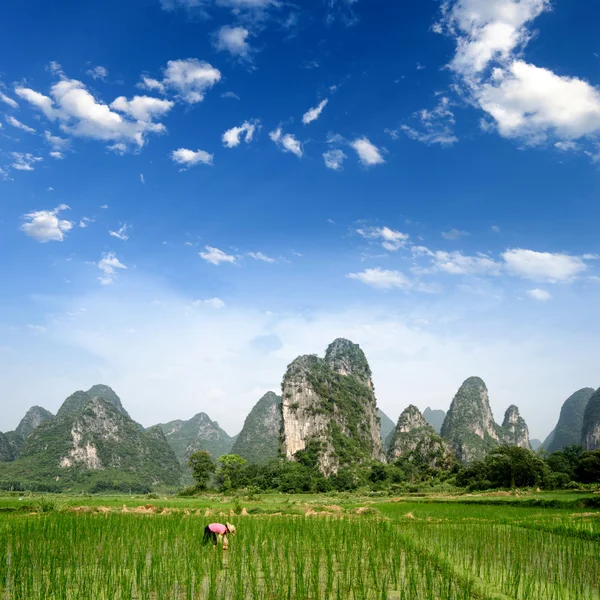 Pastoral scenery in Guilin — Stock Photo, Image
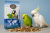 Deli Nature 61 - Lekka Mieszaka dla dużych PaPug 15kg od ParrotPlanet.pl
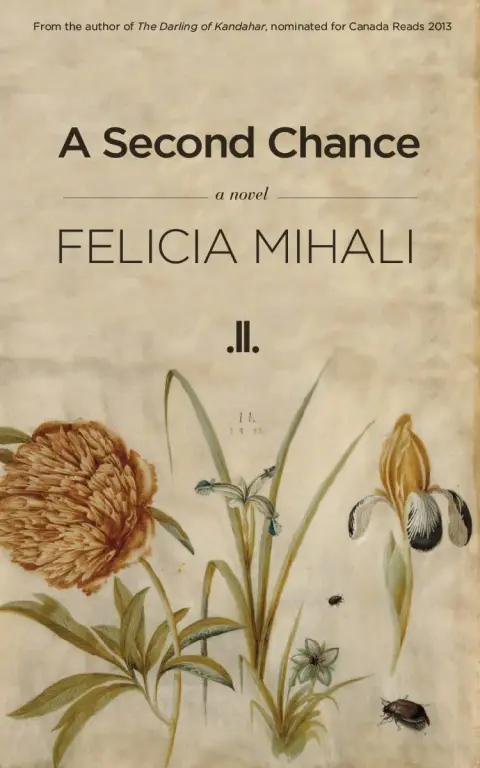 Cover of A Second Chance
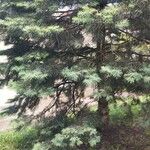 Abies concolor Fuelha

┄┄┄┄┄┄

> [EXERCISE BRIEF]
Omitting all pictures, restate word for word the lines from the one containing "Deli Nature 61" through the last line of the data.

> [SOLUTION FOR THIS TASK]
 Deli Nature 61 - Lekka Mieszaka dla dużych PaPug 15kg od ParrotPlanet.pl
 Cover of A Second Chance
 Abies concolor Fuelha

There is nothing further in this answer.